For my outgoing exhortation, I would like to make two recommendations. First, we as individual believers must take seriously the truth that Christians are to be first of all followers of Jesus Christ. This means that we are to work with the Holy Spirit moment-by-moment to "be transformed by the renewing of our mind (Romans 12:1)" in all areas of our lives, seven days a week. There are many excellent speakers and writers who address this point; I would like to recommend for your consideration the book, The Divine Conspiracy, by Dallas Willard. Dallas is a philosopher, so you may need to do some sifting and re-reading. You will also want to do more than just "read through" this book. Dallas proposes a paradigm shift in the way that we look at disciples and disciple-making. He uses a major part of his volume to address the sermon on the mount, proposing that Jesus was speaking in a descriptive manner, not a prescriptive one. In other words, Jesus is speaking about what kingdom character looks like as it is lived out in behavior. He also makes some recommendations as to how we are to look at becoming and making disciples. He believes (I whole-heartedly agree with him) that disciples will reproduce other disciples. What we are speaks far louder than what we say, never more true than today! Our culture is turned off to people who claim one thing and live another. If we want people to listen to what we say, we have to earn that right by living in integrity in all that we say and do, and not just on Sundays!
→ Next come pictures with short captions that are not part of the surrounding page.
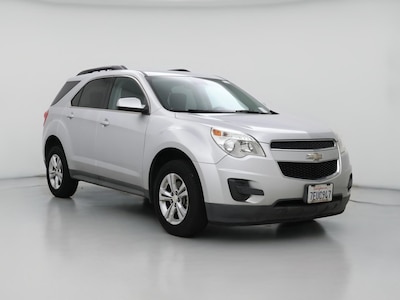 2014 Chevrolet Equinox LT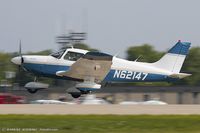 N62147 @ KOSH - Piper PA-28-181 Archer II  C/N 287990289, N62147 - by Dariusz Jezewski www.FotoDj.com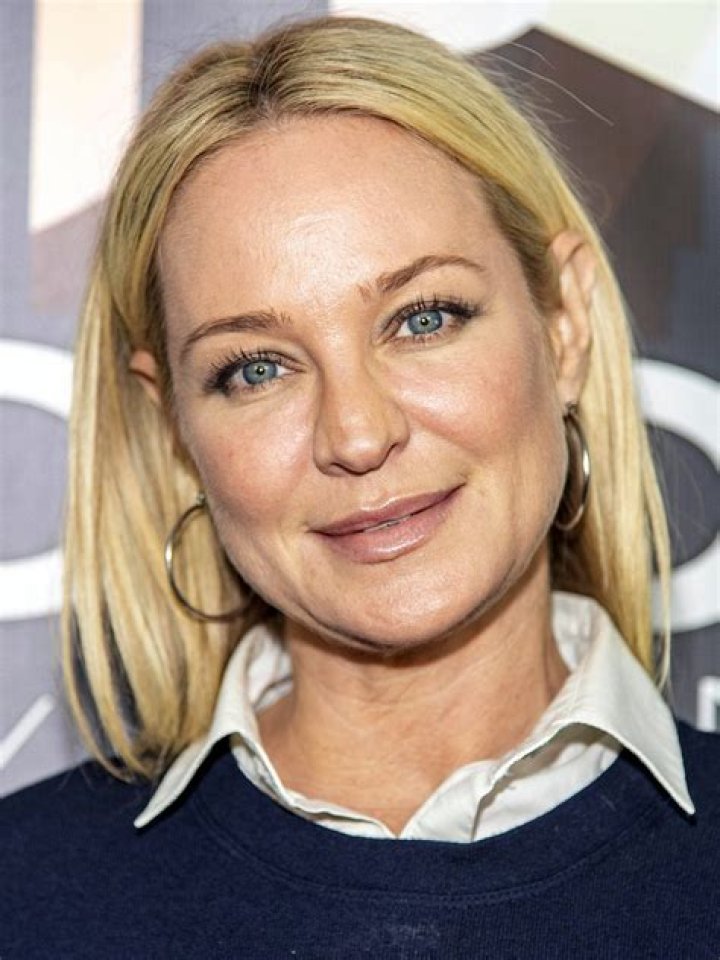 Sharon Case pictured at the 2013 Monte-Carlo Television Festival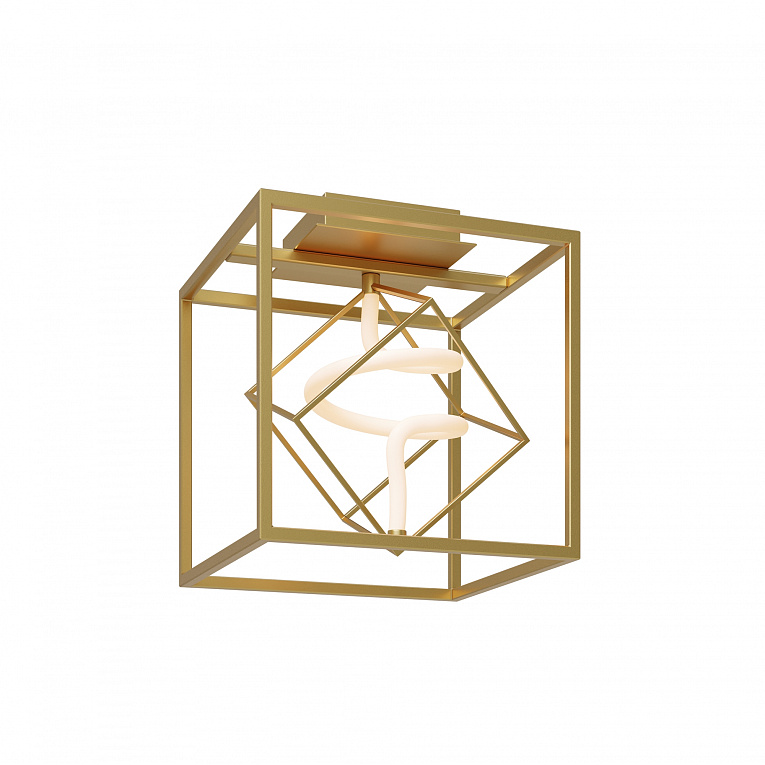 Потолочный светильник Maytoni Membrane / Мембран MOD345CL-L9BS3K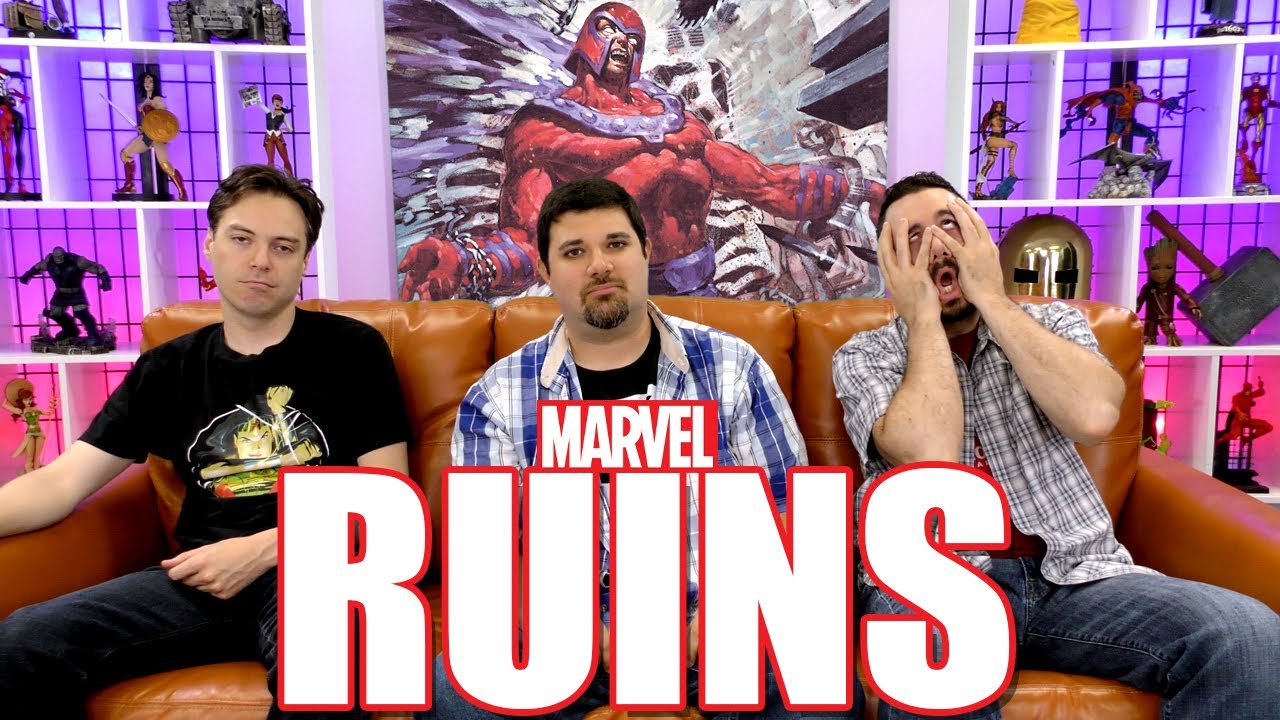 The WORST Marvel Timeline | Marvel RUINS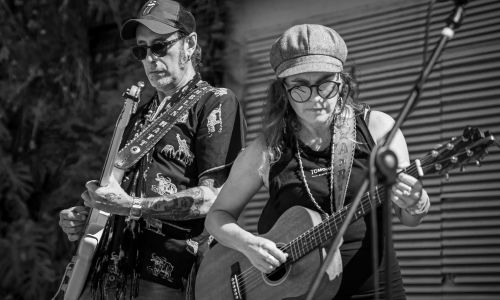 Sara Gee & Ramblin Matt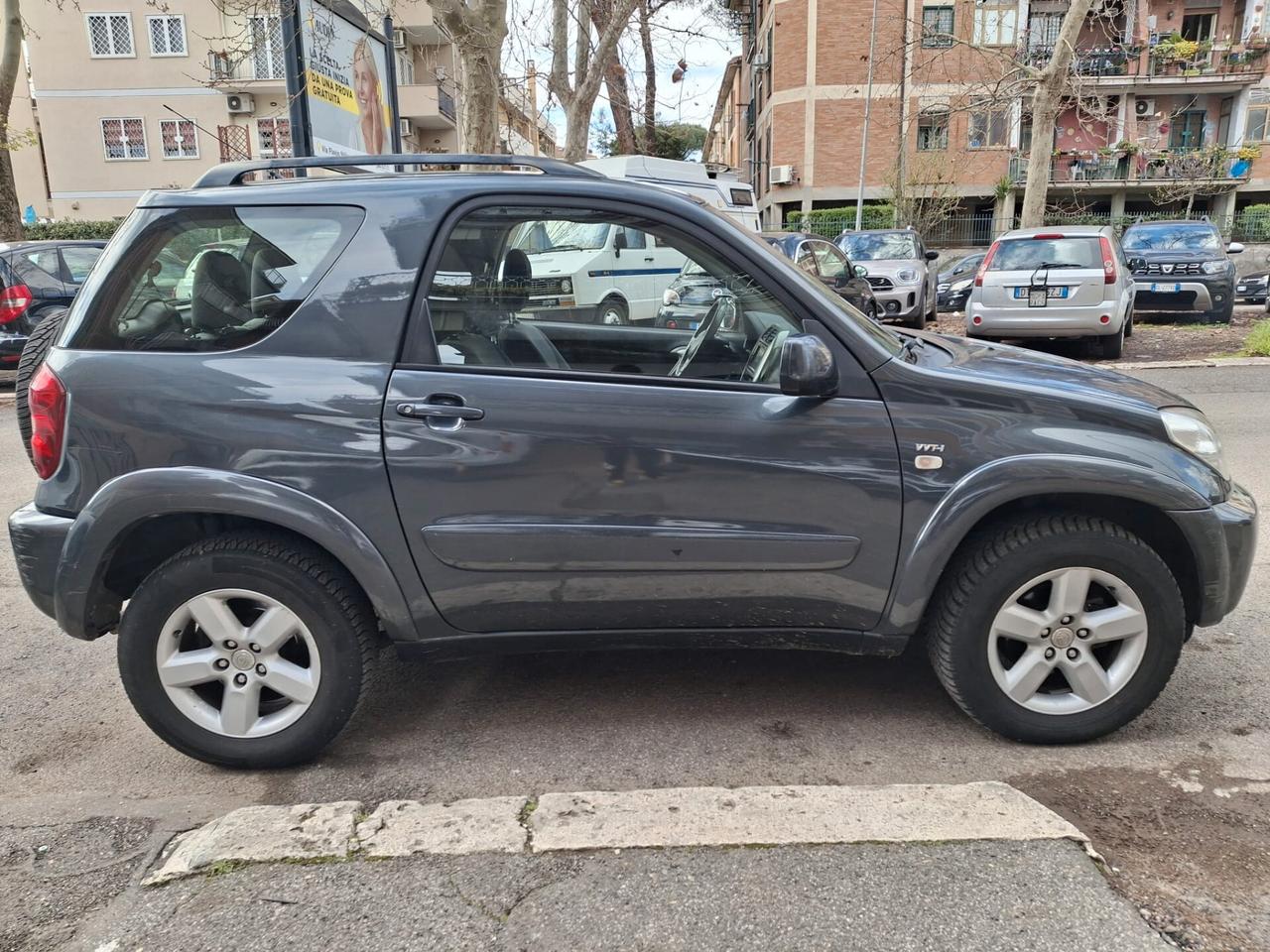 Toyota RAV4 2.0 16V cat 3 porte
Dallas proposes a lifestyle that will model Christ-like behavior and will be winsome to those around us.
Second, local churches are corporately the body of Christ. As such, who we are is the gospel that our community observes. Just as healthy individual believers will win the hearts of people to Christ through their modeling of personal kingdom living, the body of Christ will win people through its modeling of a healthy family of the Kingdom of Jesus Christ. When we are a healthy church body, people see the love we have for each other, as well as the manner in which we cooperate together and reach out to our community as a family of believers. People long to be a part of a vibrant, active group of people who enjoy each other and enjoy life together, making a difference in the world in which they live. Healthy churches produce new believers! One of the best ideas in recent years for promoting health in a church is Christian Schwartz's, "Natural Church Development. Many of us have heard of NCD already, and churches in the Pacific Conference will receive opportunities to become familiar with it from now on. Natural Church Development operates under a statistically proven concept that healthy churches naturally produce new believers (hence the term Natural Church Development). The NCD process is based upon a proven theory that there are eight quality characteristics in a healthy church, and six growth principles which help bring about these qualities. The eight characteristics are valid across all cultures and in all places. They are based upon scriptural truths and have been proven over and over in Schwartz's extensive research. There are several tools available to help a church increase in overall health. These tools focus on the eight quality characteristics and the six growth principles (which apply to all organisms and produce "all by itself growth"), and are fairly easy to work understand and with. Schwartz and his team have proven that if a church works on the quality that it needs the most help with (the "minimal factor"), the overall health of the church increases. This in turn will bring people into the kingdom. What we are determines how people see the gospel. NCD helps a church to live as the body of Christ. Don Hohensee and Jack O'Neill have been trained in NCD. They would be happy to present the basics of NCD to your church.